On a recent visit to Brazil, I noticed the same dichotomy. At a sleek churrascaria called Porcão in the fashionable Ipanema section of Rio de Janeiro, I feasted at one of the largest salad bars I have ever seen -- if you can call a buffet line loaded with seafood, ceviche, antipasti and pasta, as well as cold vegetables, a salad bar.

The sizzling grilled meats we were served in Ipanema were more or less identical to the ones we got at a simple roadside churrascaria in a beach resort town north of Salvador da Bahia. And with the exception of a couple of cuts, they were pretty close to what you will find at Nelore.

The biggest differences between churrascarias, ironically enough, is in the selection of non-meats.

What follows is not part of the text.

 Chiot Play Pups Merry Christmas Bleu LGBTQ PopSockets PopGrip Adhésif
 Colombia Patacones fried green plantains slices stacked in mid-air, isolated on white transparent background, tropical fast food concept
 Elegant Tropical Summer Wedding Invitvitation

At the beachside churrascaria in Bahia, we sat at picnic tables and ordered salads from a short menu. Fogo de Chão isn't quite up to the dazzling standards of Porcão in Ipanema, but it does have an extensive array of vegetables and starches.

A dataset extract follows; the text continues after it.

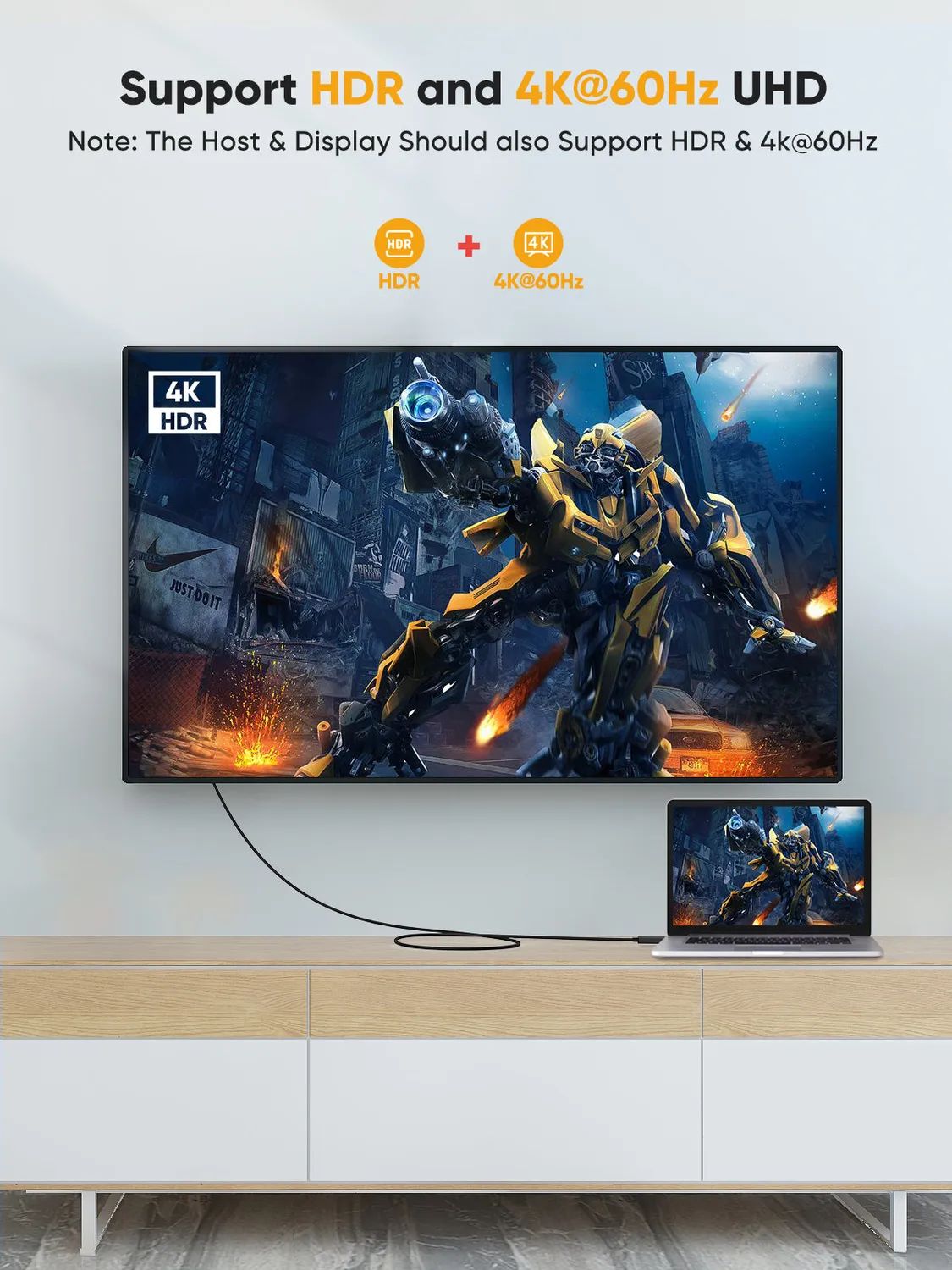 CableCreation DisplayPort naar HDMI kabel 4K 2,4 m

The salad bar at Nelore is the restaurant's only weakness. In fact, it barely qualifies as a salad bar by the standard American definition. One of my dining companions pointed this out to the management on our first visit. He was astonished by the fact that the salad bar didn't offer any lettuce. There were containers of salad dressing, sliced tomatoes, roasted peppers, hearts of palm, cold asparagus spears and marinated onions, but there was no iceberg, romaine or fresh spinach available. So how were you supposed to make a salad?

The hostess who had asked how everything was promised my companion there would be lettuce the next time we visited. On my second visit, there still wasn't any lettuce.

"It's really more like an antipasti bar," Yenne explained. "There are a lot of Italians in South America, and this is typically the way they eat cold vegetables." Think of Nelore's salad bar as an Italian cold vegetable selection and you won't be disappointed. "I'll take hearts of palm and asparagus over lettuce any day," Yenne said. Chafing dishes filled with mashed potatoes, polenta, black beans, cooked bananas and some pasta selections also can be found flanking Nelore's salad bar.

I asked Yenne if he had ever seen chimichurri sauce like the kind served at Nelore. He tasted the tomato-and-vinegar-flavored sauce and said he thought it was a pretty common Brazilian version. When I think of chimichurri sauce, it's the parsley, olive oil and garlic pesto of Argentina that comes to mind. And I much prefer it with my steaks.

If Nelore offered Argentine chimichurri and a couple of leaves of lettuce, I'd have absolutely nothing to complain about. No, it isn't the first churrascaria in Houston, but the granddaddy of the genre, Fogo de Chão, is located on Westheimer near Fondren, far beyond the ancestral hunting grounds of die-hard Inner Loopers. Nelore is a pared-down version of a Brazilian steak house that's perfectly suited to its cozy, close-in location. And that's a Montrose meat lover's dream come true.